◆ Brief: Find, in the records below, the line that contains "Image of Women" and the line that contains "1973 - Brighton". Copy those two lines and everything between them exactly, but not the pictures.

◆ Material for this exercise:

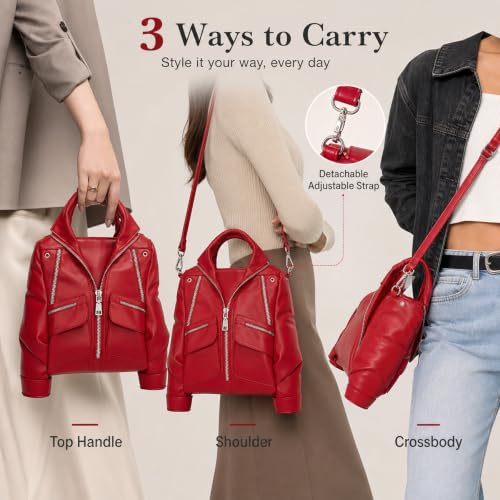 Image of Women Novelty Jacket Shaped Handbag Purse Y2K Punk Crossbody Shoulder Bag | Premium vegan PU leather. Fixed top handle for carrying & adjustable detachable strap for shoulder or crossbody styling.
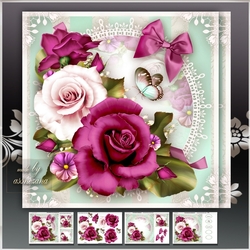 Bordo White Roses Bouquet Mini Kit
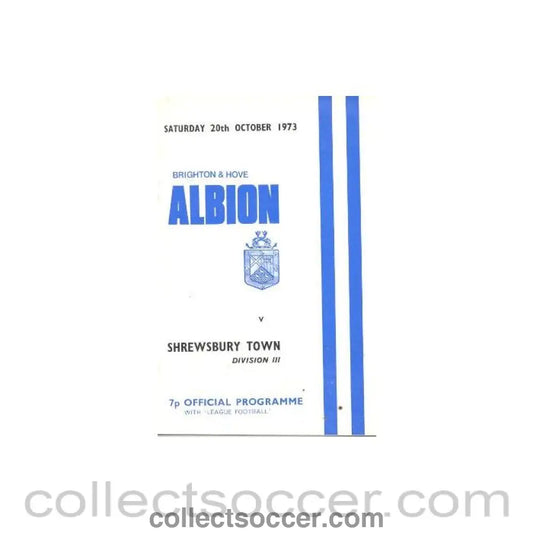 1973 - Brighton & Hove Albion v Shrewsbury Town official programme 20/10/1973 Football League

--

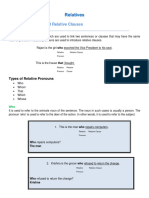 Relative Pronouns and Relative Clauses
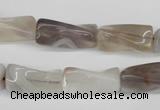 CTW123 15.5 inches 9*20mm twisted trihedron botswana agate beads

--

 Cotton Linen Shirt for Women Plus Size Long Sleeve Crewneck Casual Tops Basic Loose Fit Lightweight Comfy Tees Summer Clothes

◆ Response to this task:
 Image of Women Novelty Jacket Shaped Handbag Purse Y2K Punk Crossbody Shoulder Bag | Premium vegan PU leather. Fixed top handle for carrying & adjustable detachable strap for shoulder or crossbody styling.
 Bordo White Roses Bouquet Mini Kit
 1973 - Brighton & Hove Albion v Shrewsbury Town official programme 20/10/1973 Football League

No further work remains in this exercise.